There used to be twenty dollar bills. I have one tucked away, from our early days here. These were all recalled in lieu of the shiny new twenty dollar coin, a nice two-metal thing with a crisp rendition of National Hero the Right Excellent Marcus Garvey on the face and the Jamaican crest (“out of many, one people”) on the hind side.
The latest addition to the local monetary system is the JA $1,000 bill, featuring the Right Honorable Michael Manley and Jamaica House, where he lived as the first Prime Minister selected by the current Party ‘N Power. At today’s exchange, it is worth roughly twenty one Yankee dollars. This is the largest bill on the island.
Imagine, if you will, finally deciding to buy that used Corolla you have had your eye on. In stark white, with little active suspension remaining, it would make the perfect robot taxi, and it is priced at a very reasonable JA $342,000.00. Add tax and bumper mounted goat deflectors, and the price comes to roughly JA $400,000.00, or four hundred individual copies of the largest bill on the island (since few people have access to, or even accept, cheques).

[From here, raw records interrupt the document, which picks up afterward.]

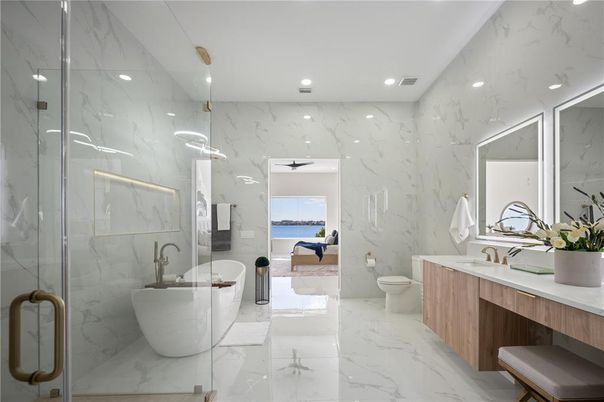 Bathroom, Dual Sink Vanities, Free Standing Baths, Glass Shower, Interior, Marble, Marble Walls, Recessed Lighting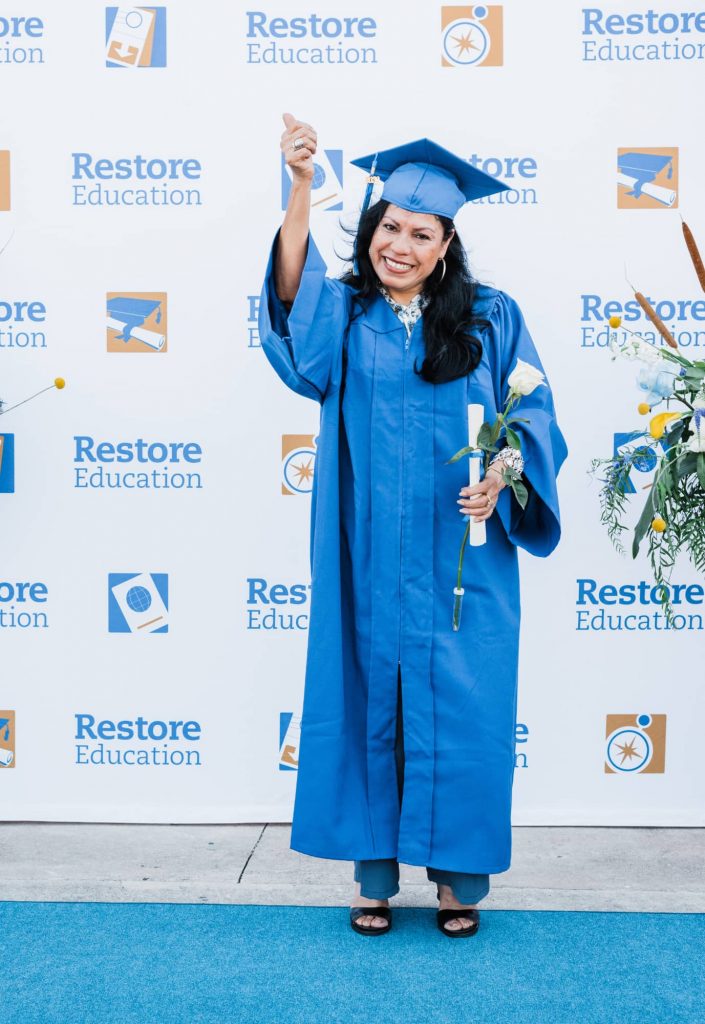 Graduate Giving Thumbs Up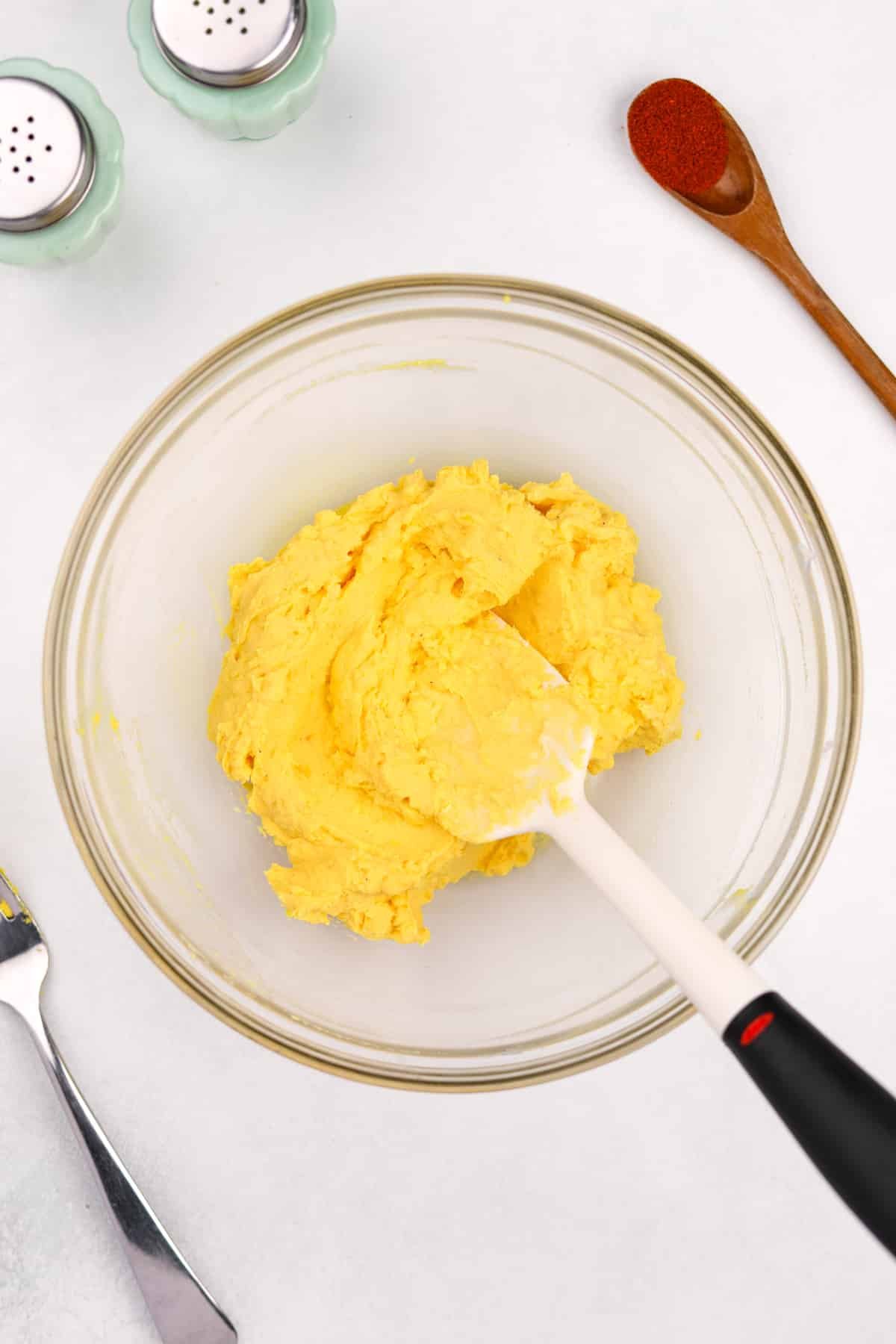Stirring together cooked egg yolks with mayonnaise in a bowl.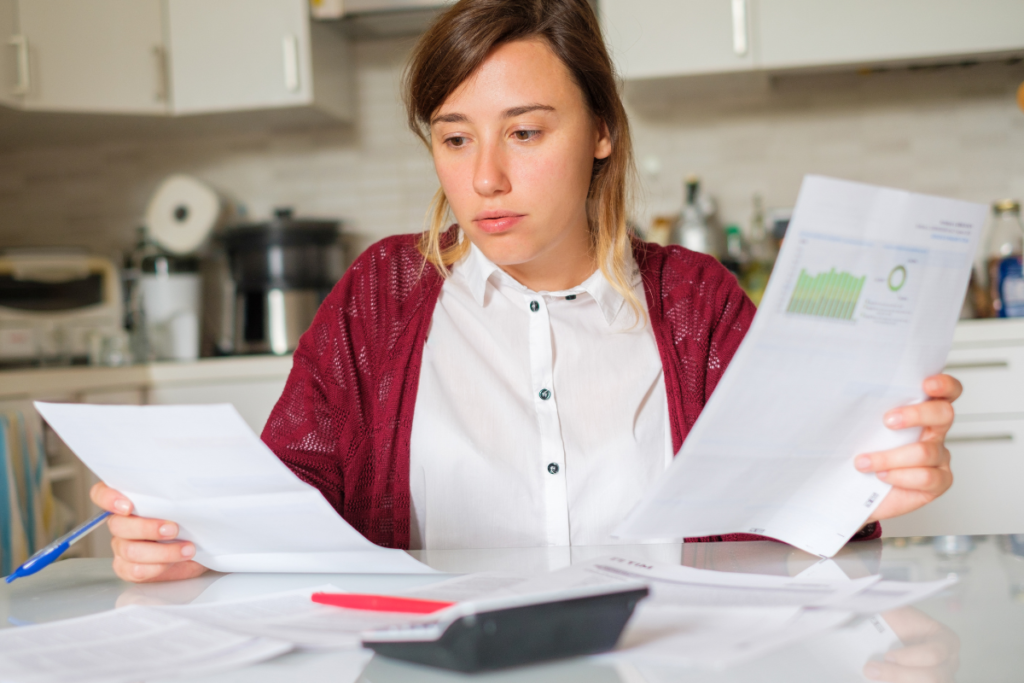 woman looking at her bills in her kitchen with worry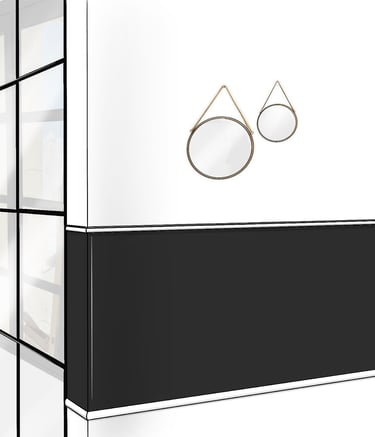 Couloir contournant une chambre, décoré en blanc et noir. comportant une verrière atelier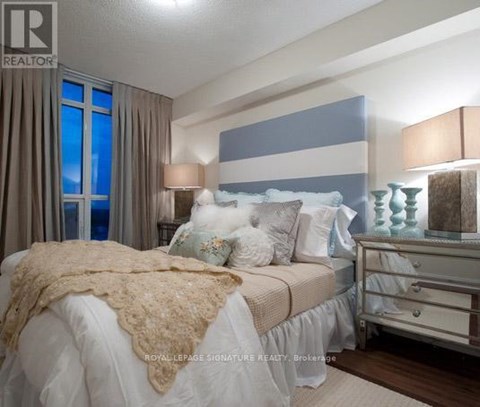 A bedroom with a bed, nightstand, and lamp.
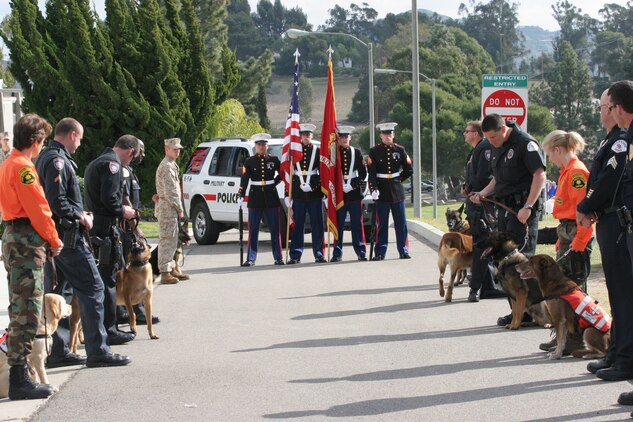 060127-M-7082F-002 CAMP PENDLETON, Calif. -- The Security Battalion Color Guard is flanked by K-9 handlers from the local Police Departments who have come to pay their respects to Sgt. Adam Cann at his memorial service here Jan. 27. Cann, from Destin, Fla., was killed in action Jan. 5 while conducting crowd control with his dog Bruno during his second deployment to Iraq. (Official U.S. Marine Corps photo by Lance Cpl. Patrick J. Floto)(released)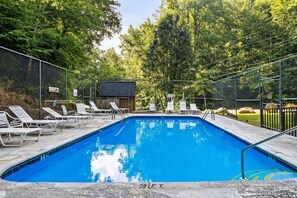 The perfect setting for a pool, surrounded by towering trees!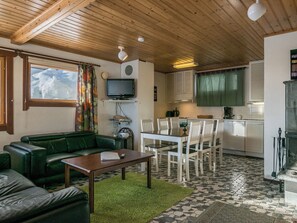 A cozy living area with a green sofa, a wooden coffee table, and a television. There's a dining table with chairs in the background.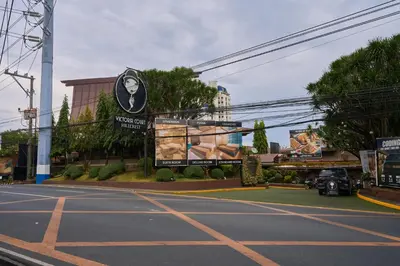 a parking lot with a sign on the side of a street at Victoria Court Hillcrest in Manila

This is a wad to fill a Lada bag.
My grocery adventure actually could have been worse. As in - at least they had coin at all. Too often, this particular establishment has no dollar coins, and will offer a piece of candy instead of the correct change. What can you do?
Sometimes the bank in Lucea will be out of change, or large bills, or small bills, or tellers. It is just a little trying to stand in line for an hour with fifty others, waiting for one of the three available tellers manning one of the ten available teller windows, only to be informed that there are no $1000’s or $500’s, and would you please accept a bushel of $100’s instead.
If I am lucky and the bank does have all of its cents about it, I make sure to withdraw funds in all of the denominations. My usual lunch haunts could never change a large bill, nor could the market people or any roadside beer vendor, so one must be prepared with exact change whenever possible.
I have a theory about this lost change. If you would rather not hear it, just skip down seven paragraphs, to the one that starts, “I have spent,…”
Unlike the States, everyone on Jamaica does not own their own car. As well, people do not learn to drive until such time as they have access to a car, so we see a lot of adults idling their way down the peninsula near home, hands clamped to the wheel of the driver education vehicle. The lack of personal ownership of vehicles is a good thing in one respect – the existing transportation system offers little room for more cars. The roads are crowded enough in town, mostly with taxis and minibuses.
When the footbound Jamaican needs to travel, she can take a variety of public transports. The government runs a bus service for the transshipment of school kids, and has some scheduled routes around Kingston. Minibuses connect the rural towns with the larger burgs. Taxis pick up the slack.
And there is a lot of slack on Jamaica.
And all of it is cheap. At least, compared to our wage, it is for the locals. If we white folk were to hop a taxi from the house to Doctor’s Cave Beach, the tourist price could be JA $200 to JA $300 or more a head. The local might pay JA $30 to get to the transit center in town, and another JA $20 to complete the trip.
As most of the traffic is locals traveling locally, the taximen collect huge numbers of fares in the twenty to fifty dollar range. Since the typical taxi guy is driving for fourteen hours a day, he has no time to deposit these monies into a local bank, and he ends up hoarding piles of small bills in his mattress, until such time as he decides to trade in the ol’ Lada Riva wagon and buy that white Corolla with the iffy suspension that he has had his eye on. Then he presents the seller with seventeen Lada bags full of fifties, hundreds, and assorted coin, which the seller takes to the bank, and on that day they have change.